--- START ---

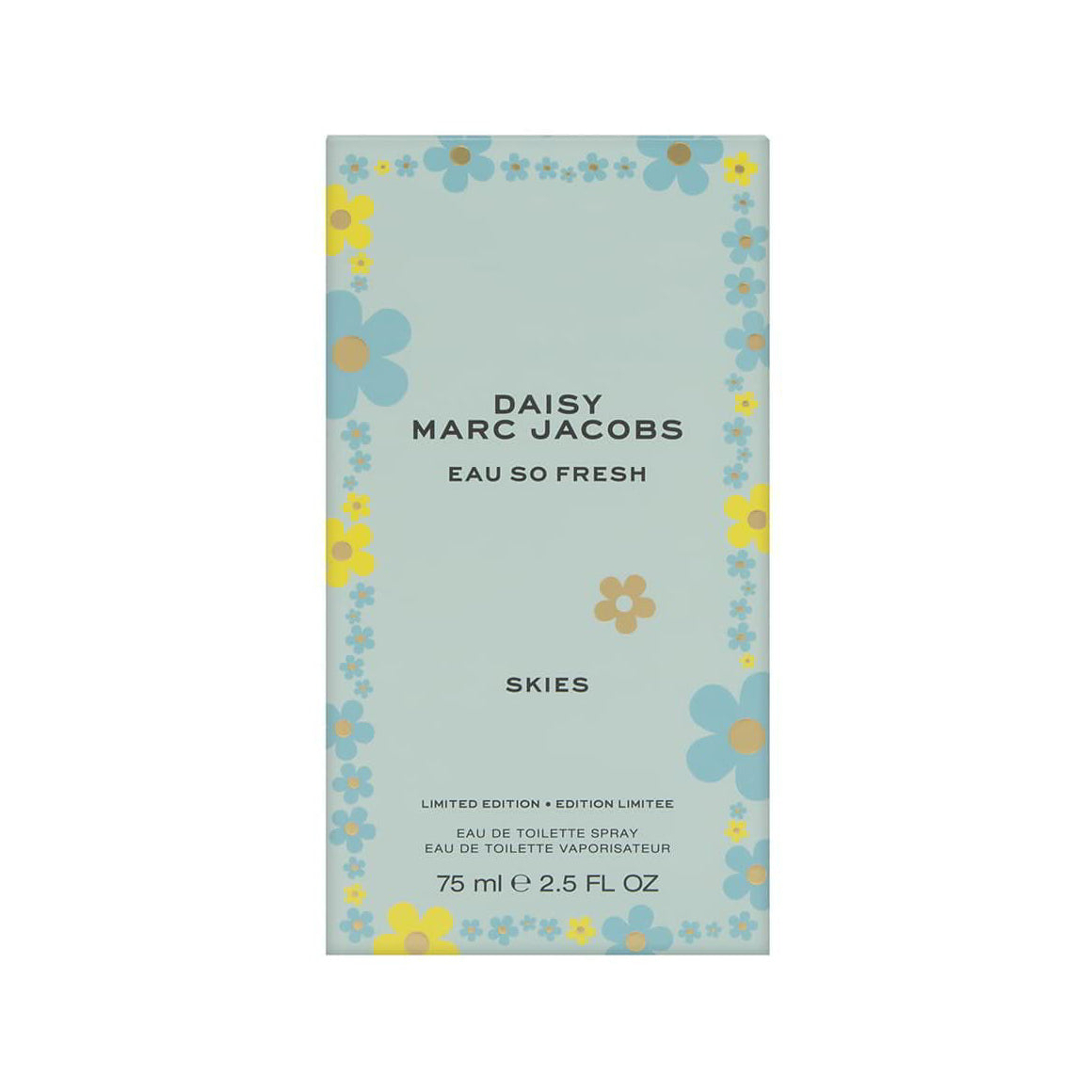 Daisy Eau So Fresh SKIES By Marc Jacobs 2.5 Oz. EDT Spray For Women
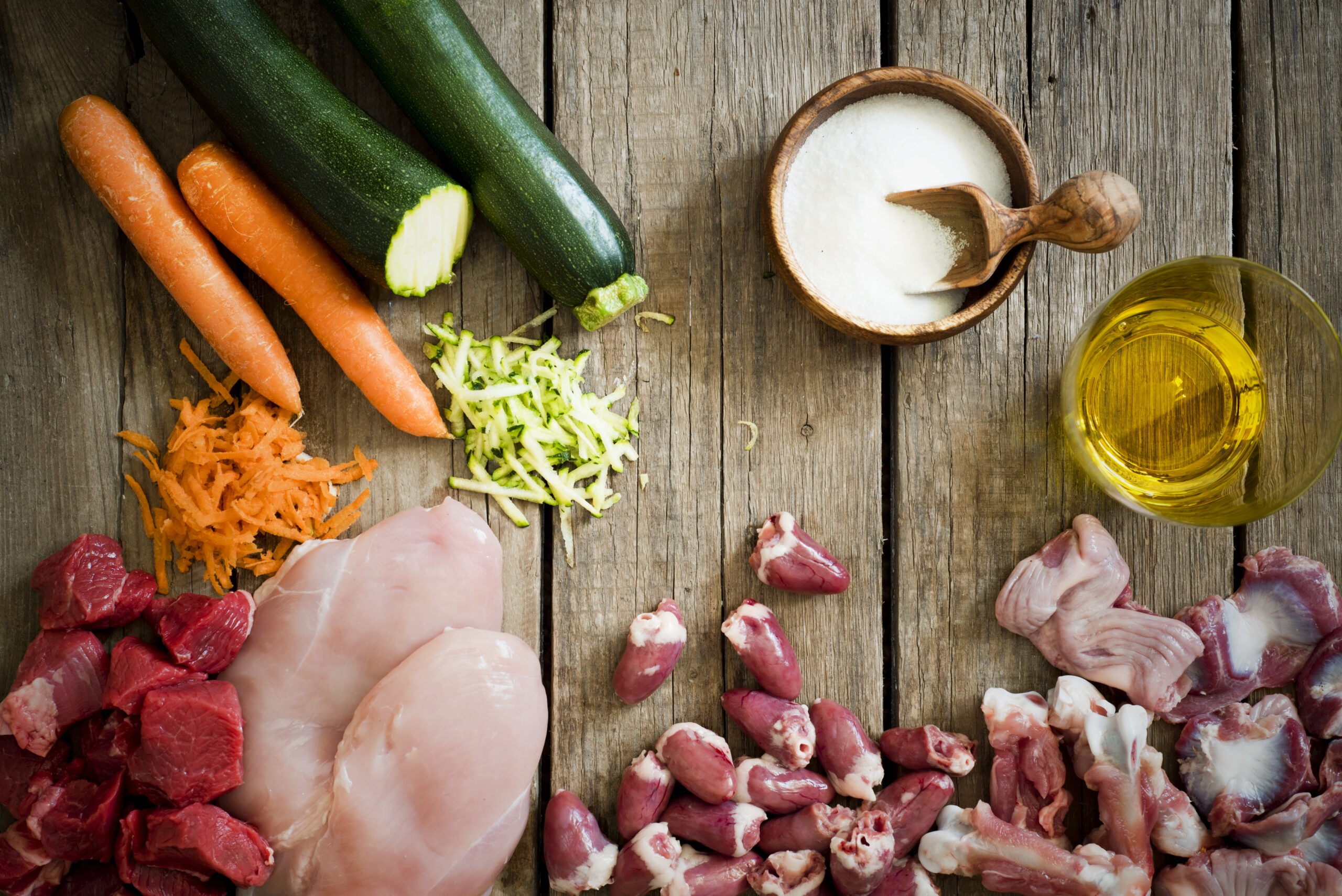 Wie wird Trockenfutter für Katzen hergestellt?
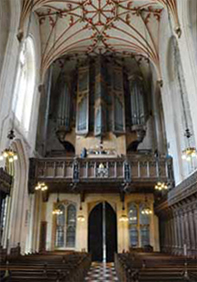 [1994 Mander organ at Winchester College Chapel]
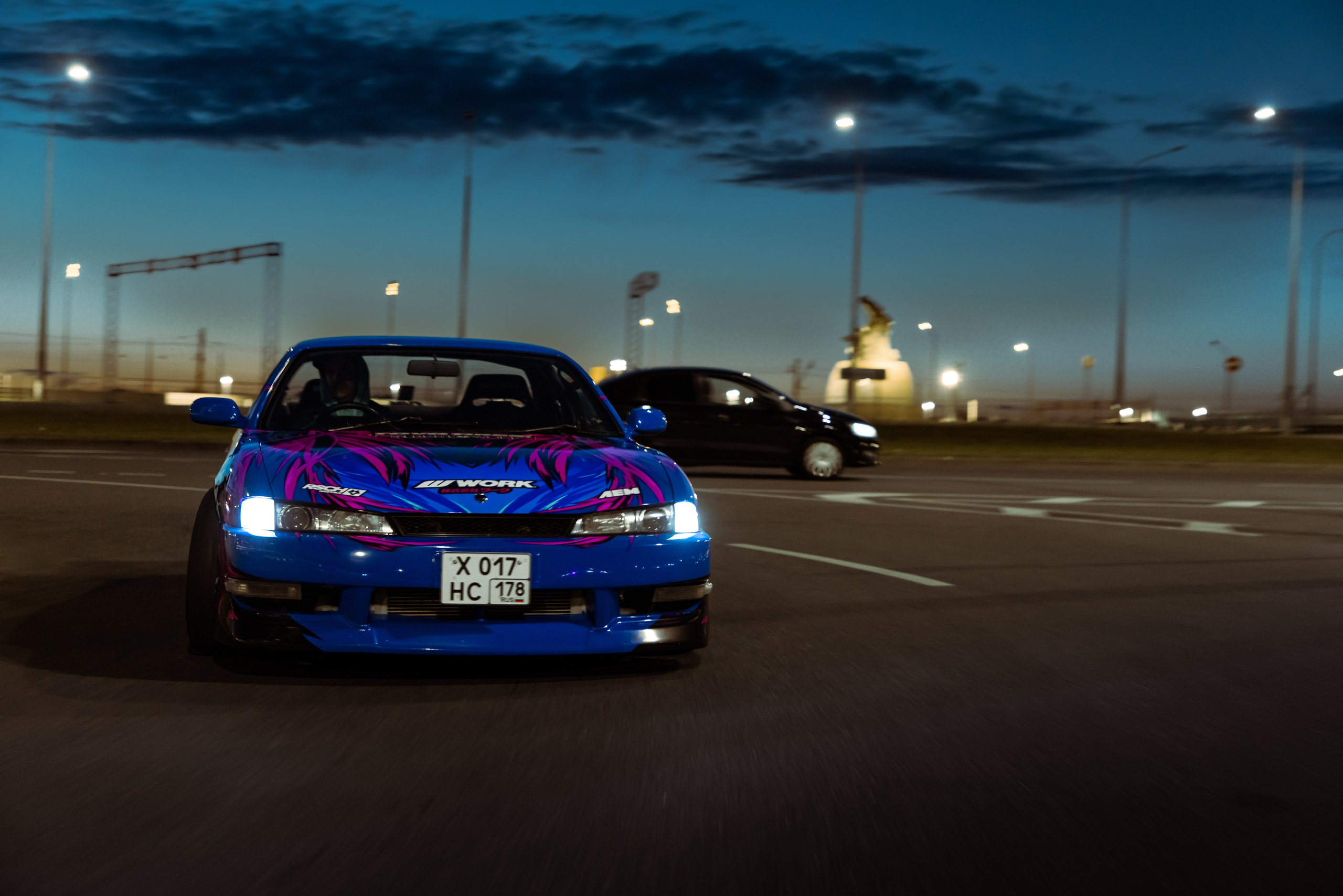 Nissan Silvia s14. Автомобильный фотограф в Санкт-Петербурге — Илья Kaseone_1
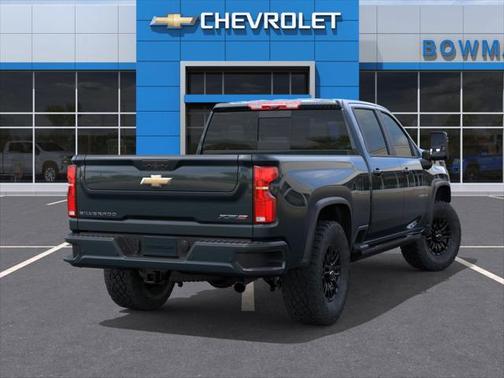 2025 Chevrolet Silverado 2500 4WD Crew Cab Standard Bed ZR2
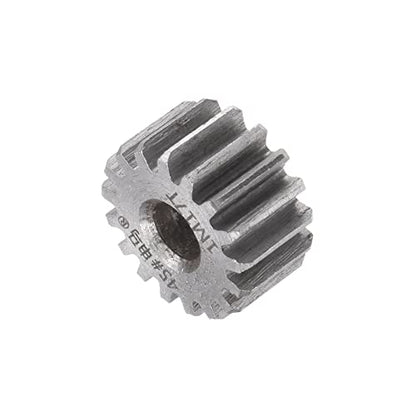 HARFINGTON Straight Spur Gear 6mm Bore 17T Mod-1 Hardened 45# Steel Spur Diff Differential Motor Gear RC Car Replacement Parts - style: 17T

--- END ---

THE TASK: Retype the entire listing exactly as it appears, dropping only the pictures.

TASK OUTPUT:
 Daisy Eau So Fresh SKIES By Marc Jacobs 2.5 Oz. EDT Spray For Women
 Wie wird Trockenfutter für Katzen hergestellt?
 [1994 Mander organ at Winchester College Chapel]
 Nissan Silvia s14. Автомобильный фотограф в Санкт-Петербурге — Илья Kaseone_1
 2025 Chevrolet Silverado 2500 4WD Crew Cab Standard Bed ZR2
 HARFINGTON Straight Spur Gear 6mm Bore 17T Mod-1 Hardened 45# Steel Spur Diff Differential Motor Gear RC Car Replacement Parts - style: 17T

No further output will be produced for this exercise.